The White Tiger is the novel by Indian Author Arvind Adiga. It was first published in 2008. The novel provides a darkly humorous perspective of India's class struggle in globalized world as told through a retrospective narration from Balram Halwai a village boy.
Arvind Adiga is an Indian Australian writer and journalist. He was born on 23 October 1974 in Madras.
The white Tiger by Arvind Adiga tells two interrelated and interested stories about Balram and his success in life, his success causes moral decay.
The way writer has narrates the Nation and the character is a bit shock full to the readers. India has changed its face and the new face is full of crime and corruption.
The situation has become in such a way that none will believe another one easily. The image of India is changed and it is worse than the prior where the humanity and honesty was at the center of India's heart.

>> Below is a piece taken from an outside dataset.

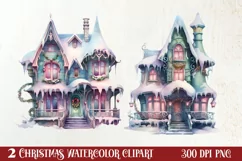 Pink Christmas Fairy Clipart Sublimation, Fairy Christmas Product Image 1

The novel presents the elements of darkness and light of India. It talks about the journey of darkness to light . How Balram Halwai, as a son of poor rickshaw puller,escaped a life of servitude to become a successful business man, describing himself as an Entrepreneur.
Balram being the hero of the novel talks about his life to Mr. Jiabao. He begins the story by telling about his service at tea shop with his brother at Dhanbad. While working in the tea shop he begins to learn about India's government and economy from the customer's conversation. Balram describe himself as bad servent and decides to be a Rich person.
He learns how to drive and got a job at Mr. Ashok 's house Balram moves to Delhi and worked at Mr. Ashok's place as driver cum servent being a servent he learned lot of things about the harsh reality of life.
The white Tiger is the form of seven letters to the Chinese premier Wen Jiabao who is planning to visit India and the letters are delivered by a Bangalore. Business man Balram Halwai. In these letters he tells him his Journey from Mumbai to the White Tiger, the portrayal of New India. When he becomes a driver of a rich family in New Delhi. He learns that success often involves corruption, cruelty and inhumanity.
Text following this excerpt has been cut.